Work instructions – Below are some entries; reproduce them exactly and leave every picture out.

[Scraped caption text data]
━━━━━━━━━━━━━━━━

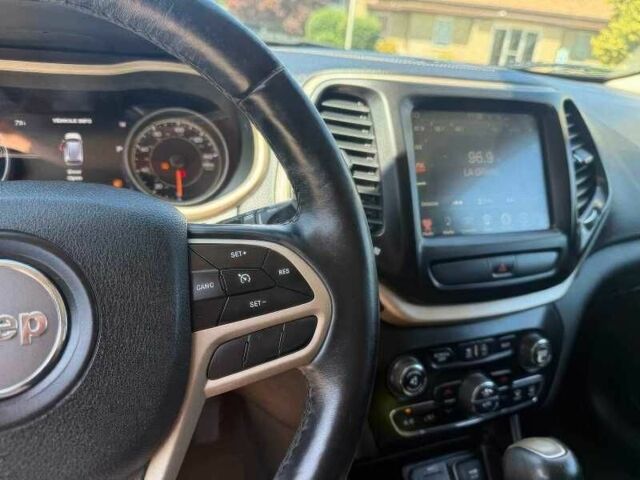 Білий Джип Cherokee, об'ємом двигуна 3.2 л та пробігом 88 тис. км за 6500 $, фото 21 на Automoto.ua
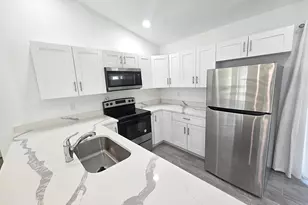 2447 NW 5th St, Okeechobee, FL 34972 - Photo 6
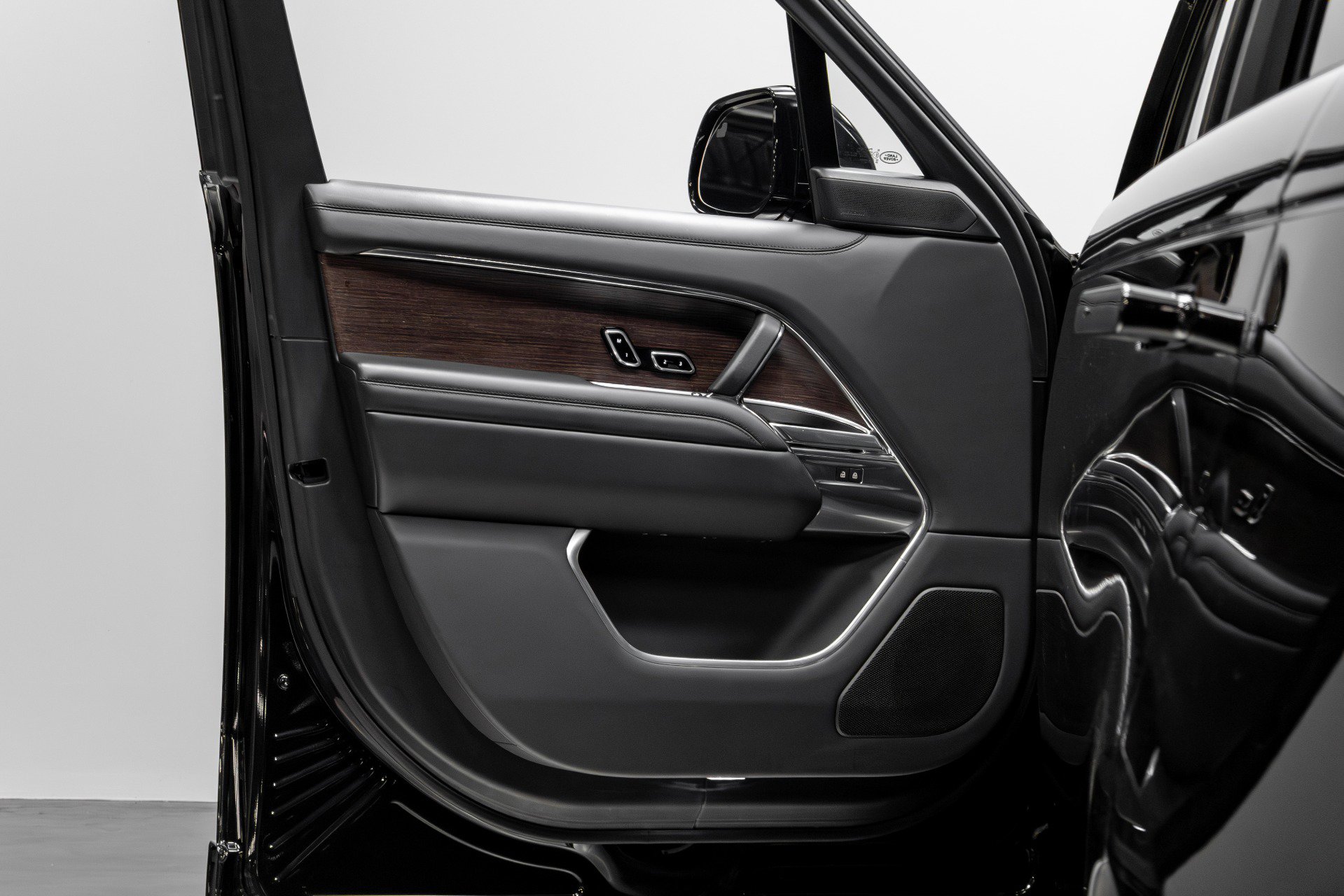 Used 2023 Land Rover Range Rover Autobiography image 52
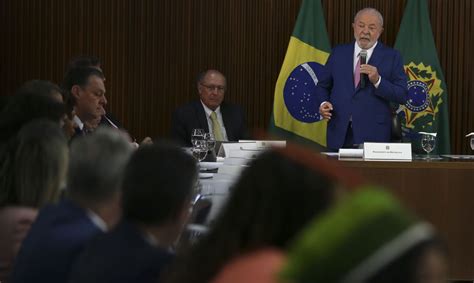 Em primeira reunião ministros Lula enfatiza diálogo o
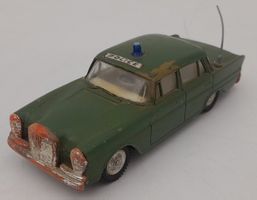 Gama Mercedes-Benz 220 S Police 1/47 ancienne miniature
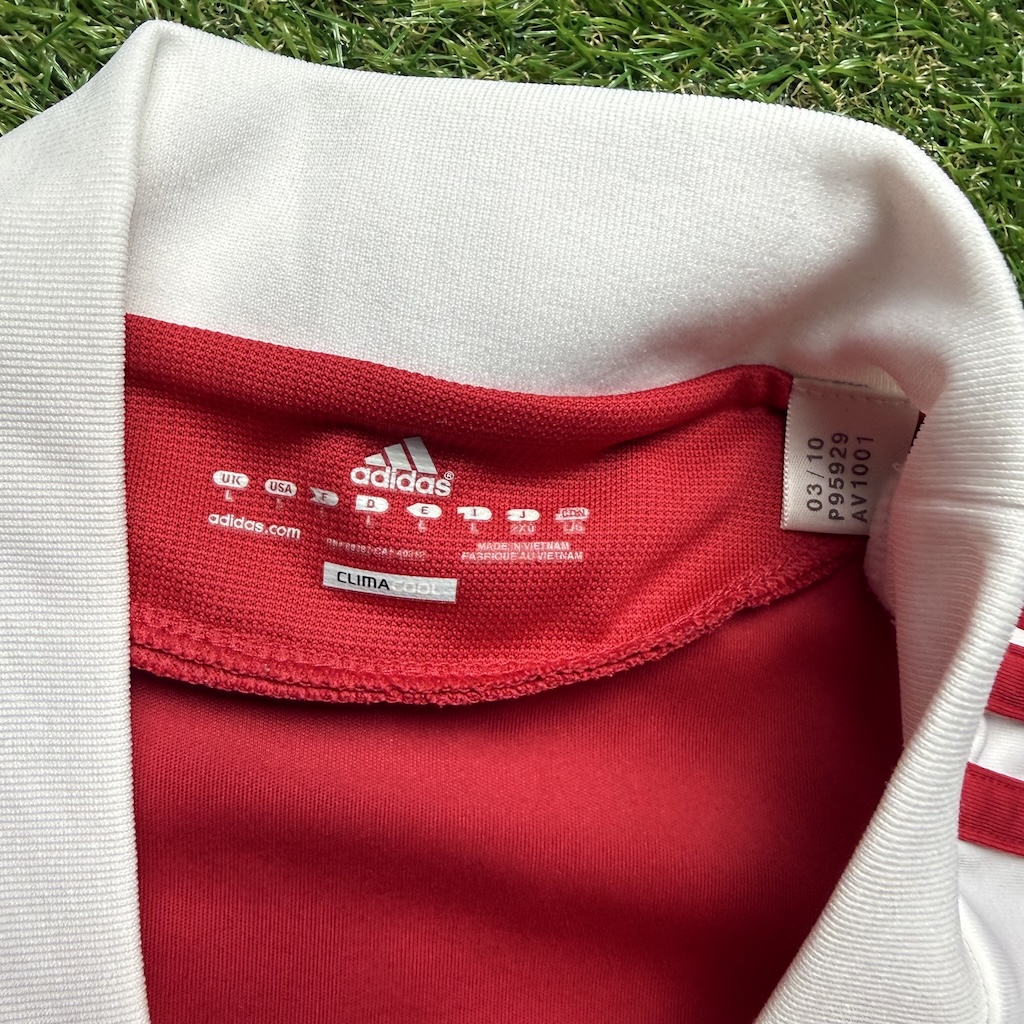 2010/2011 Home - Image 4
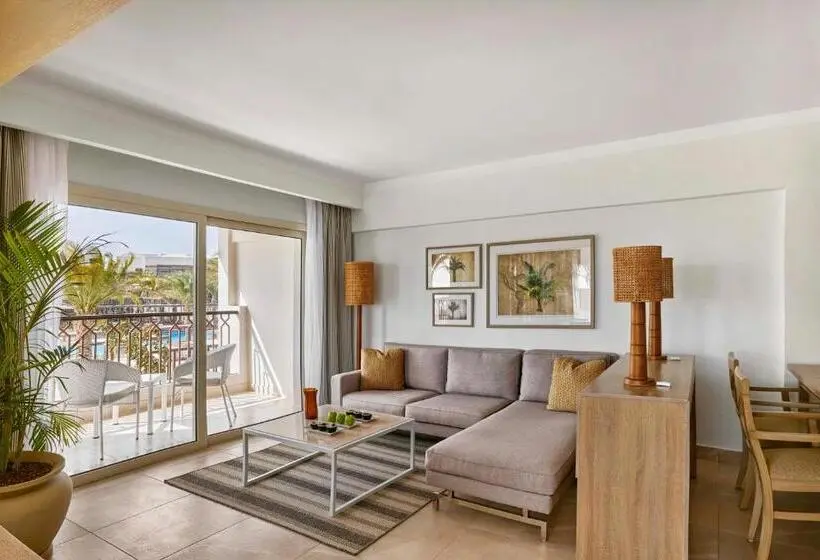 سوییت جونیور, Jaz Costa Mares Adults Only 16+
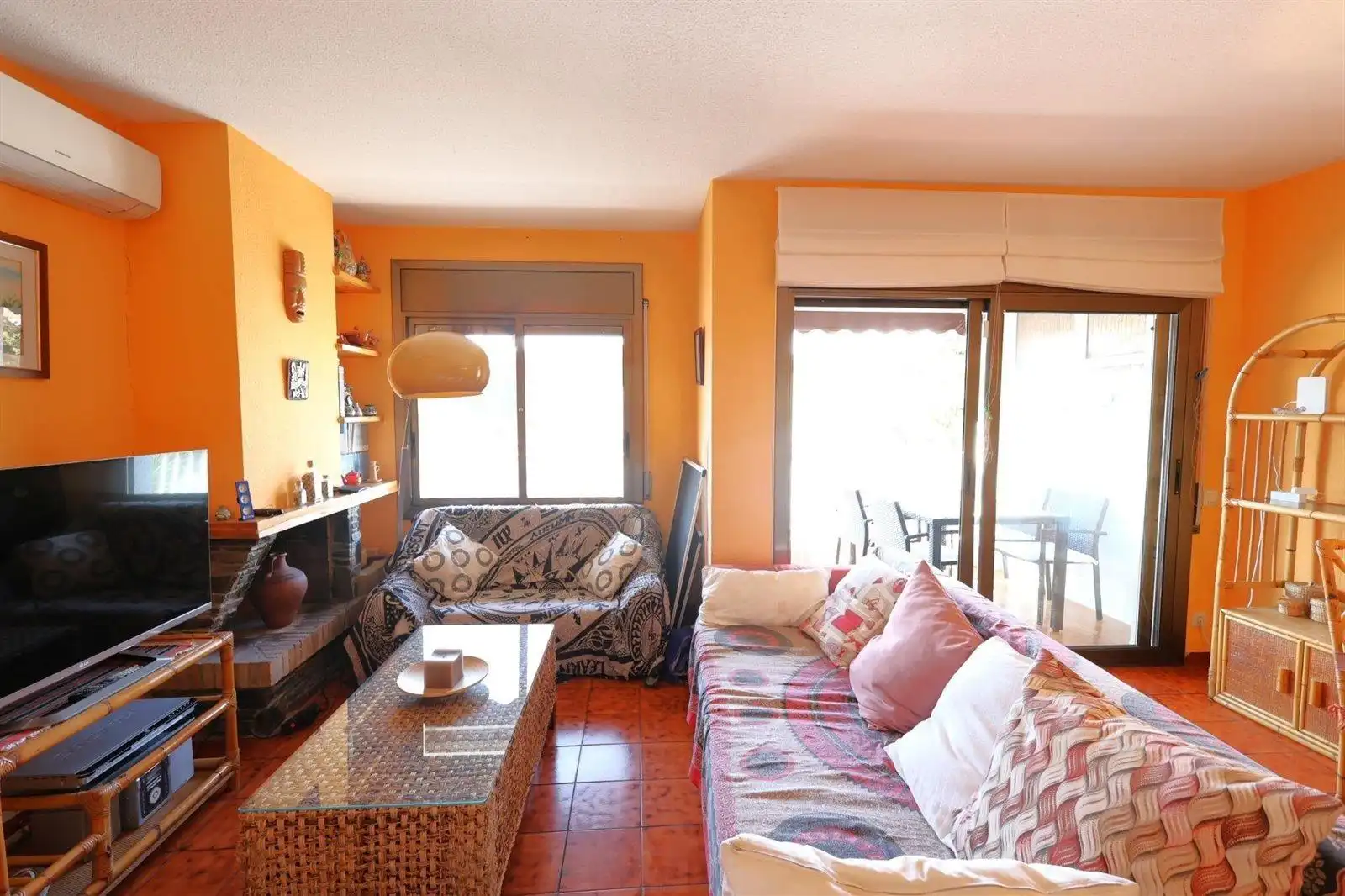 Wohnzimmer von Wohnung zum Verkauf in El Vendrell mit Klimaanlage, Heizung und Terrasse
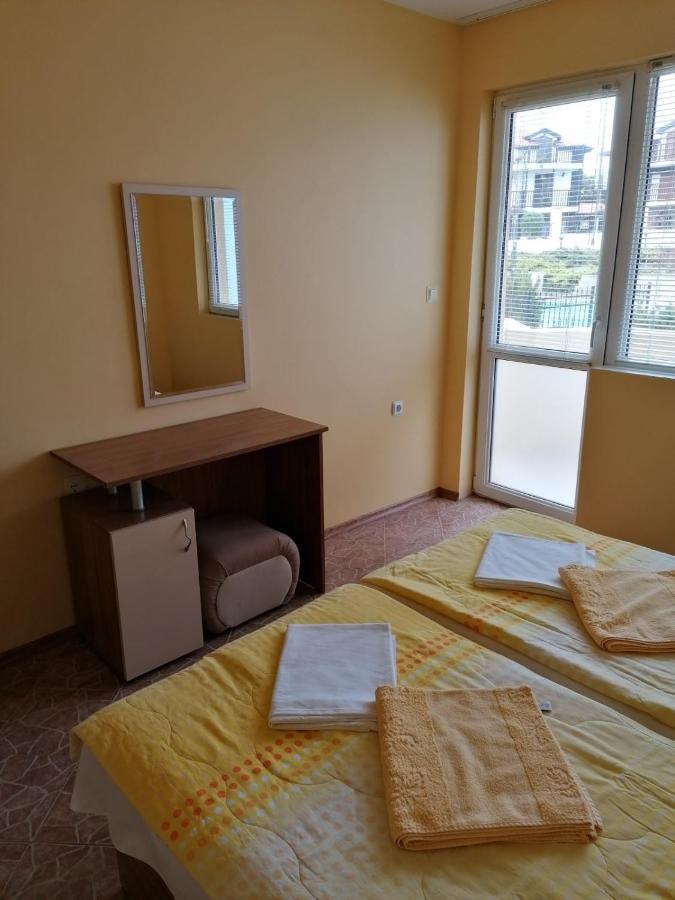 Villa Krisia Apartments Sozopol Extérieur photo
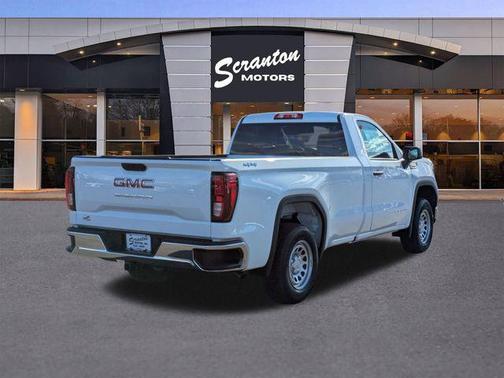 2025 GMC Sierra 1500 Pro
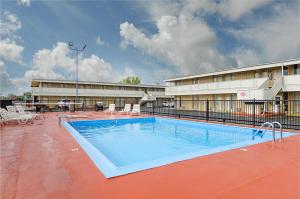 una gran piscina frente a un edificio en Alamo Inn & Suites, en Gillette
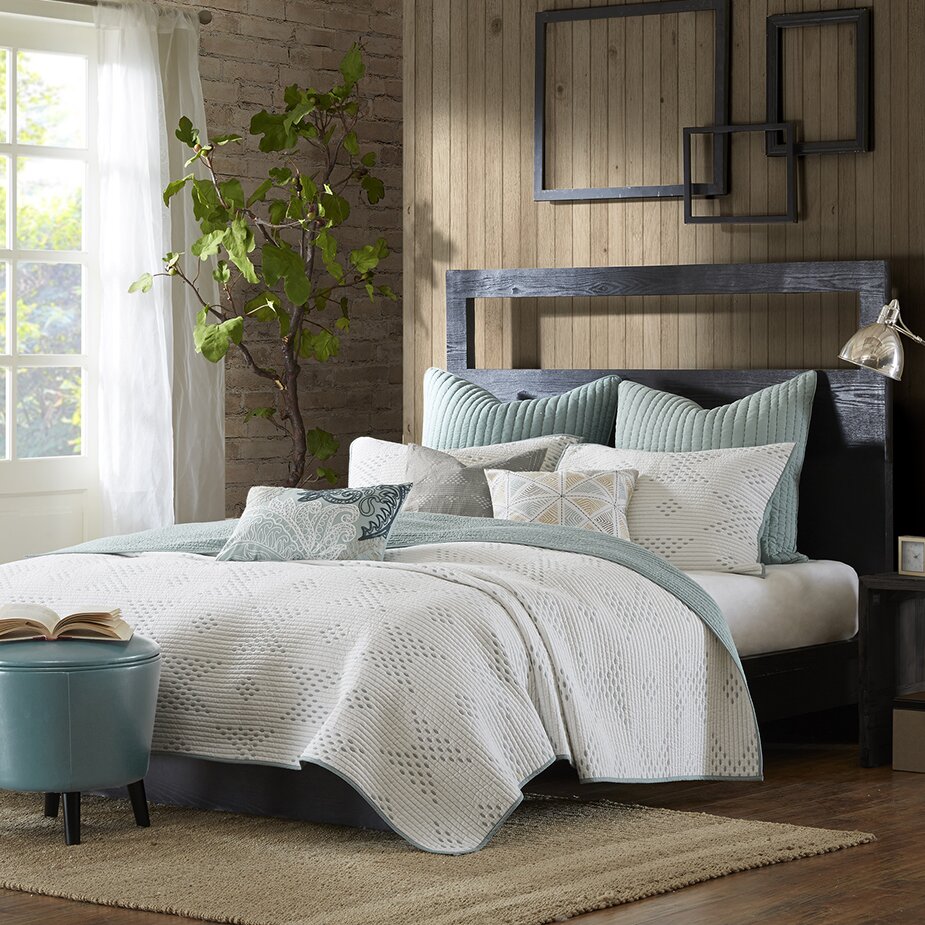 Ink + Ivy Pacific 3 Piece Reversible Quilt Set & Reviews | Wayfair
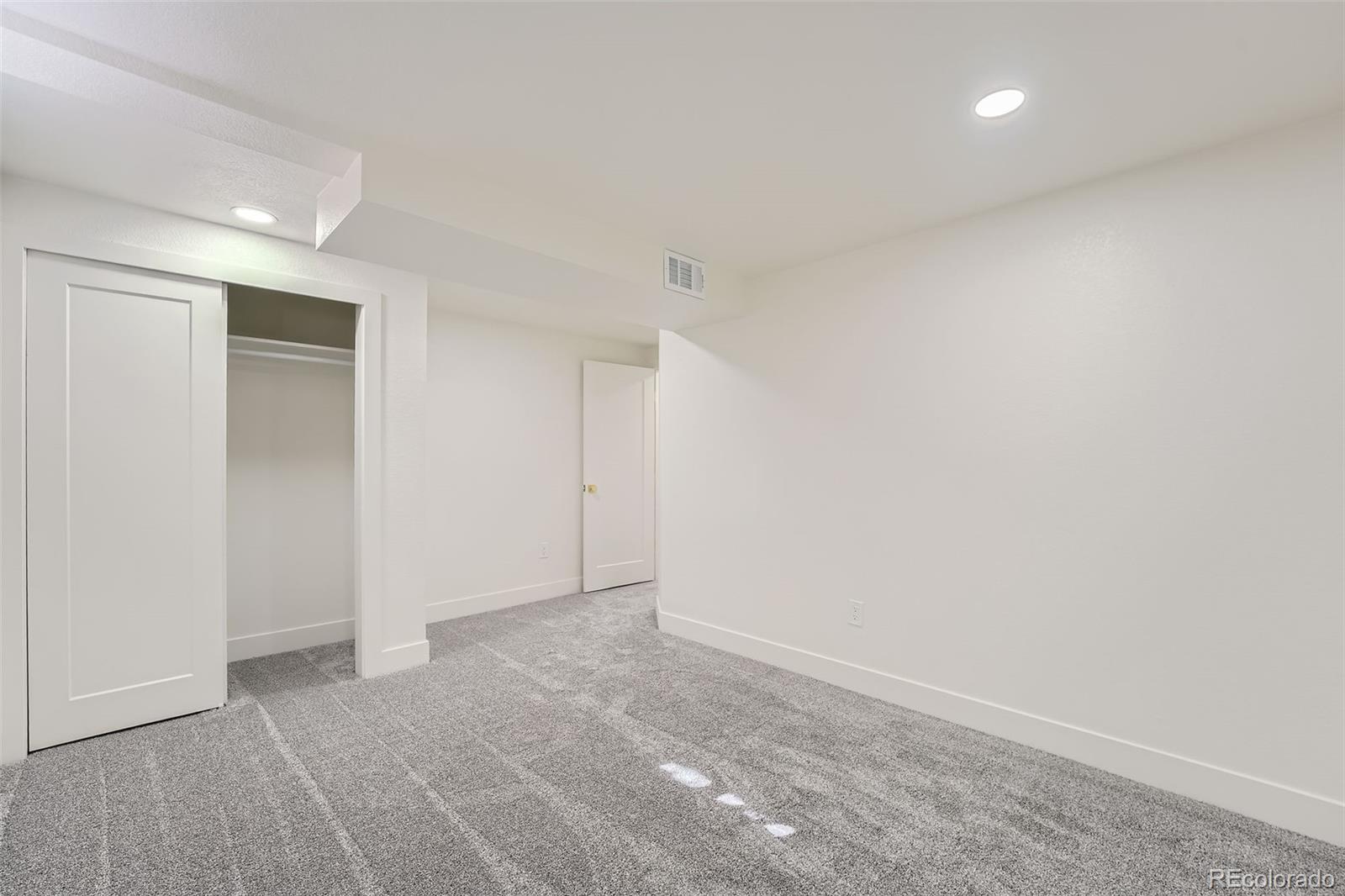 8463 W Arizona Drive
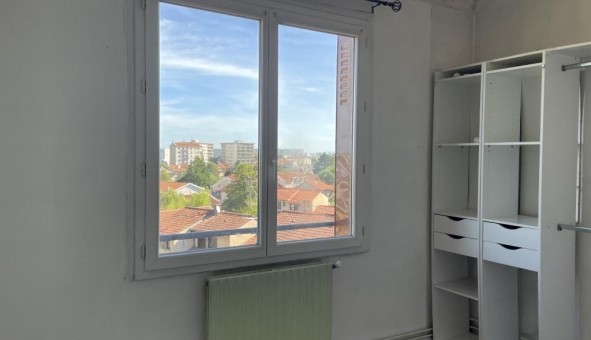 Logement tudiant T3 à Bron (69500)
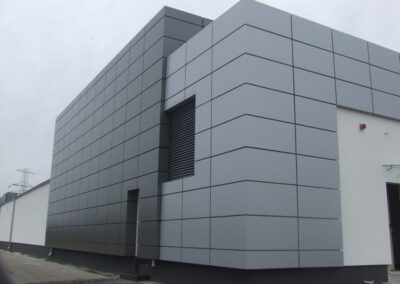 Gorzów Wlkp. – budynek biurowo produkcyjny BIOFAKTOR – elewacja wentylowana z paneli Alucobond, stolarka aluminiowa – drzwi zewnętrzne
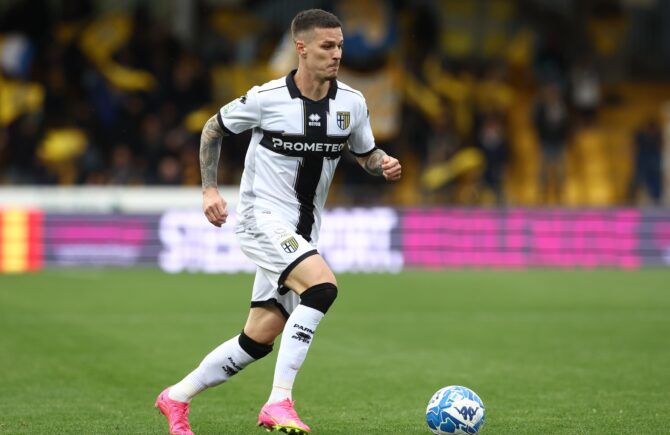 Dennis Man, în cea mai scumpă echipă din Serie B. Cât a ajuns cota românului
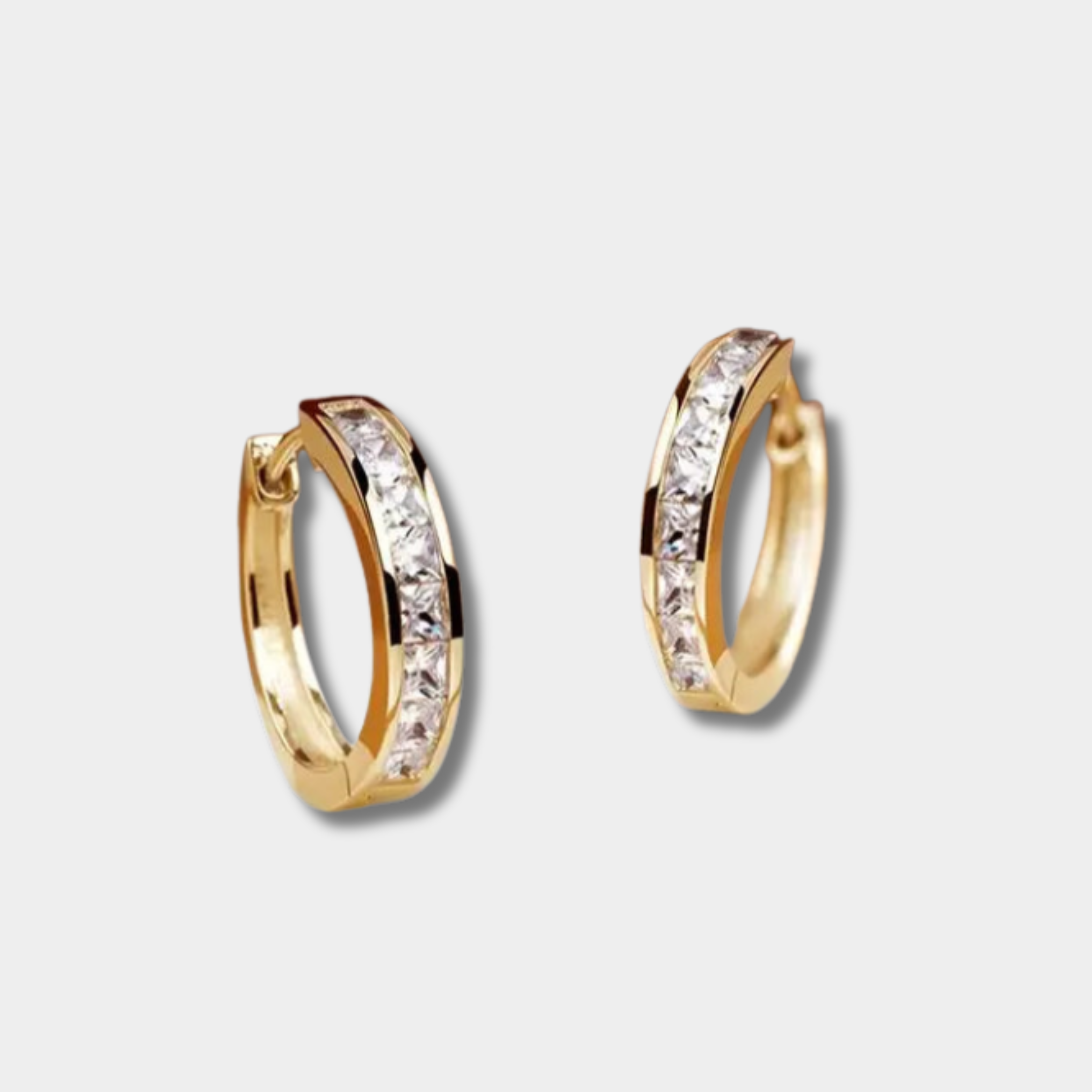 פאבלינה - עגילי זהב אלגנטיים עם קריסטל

━━━━━━━━━━━━━━━━

Solved problem –
 Білий Джип Cherokee, об'ємом двигуна 3.2 л та пробігом 88 тис. км за 6500 $, фото 21 на Automoto.ua
 2447 NW 5th St, Okeechobee, FL 34972 - Photo 6
 Used 2023 Land Rover Range Rover Autobiography image 52
 Em primeira reunião ministros Lula enfatiza diálogo o
 Gama Mercedes-Benz 220 S Police 1/47 ancienne miniature
 2010/2011 Home - Image 4
 سوییت جونیور, Jaz Costa Mares Adults Only 16+
 Wohnzimmer von Wohnung zum Verkauf in El Vendrell mit Klimaanlage, Heizung und Terrasse
 Villa Krisia Apartments Sozopol Extérieur photo
 2025 GMC Sierra 1500 Pro
 una gran piscina frente a un edificio en Alamo Inn & Suites, en Gillette
 Ink + Ivy Pacific 3 Piece Reversible Quilt Set & Reviews | Wayfair
 8463 W Arizona Drive
 Logement tudiant T3 à Bron (69500)
 Gorzów Wlkp. – budynek biurowo produkcyjny BIOFAKTOR – elewacja wentylowana z paneli Alucobond, stolarka aluminiowa – drzwi zewnętrzne
 Dennis Man, în cea mai scumpă echipă din Serie B. Cât a ajuns cota românului
 פאבלינה - עגילי זהב אלגנטיים עם קריסטל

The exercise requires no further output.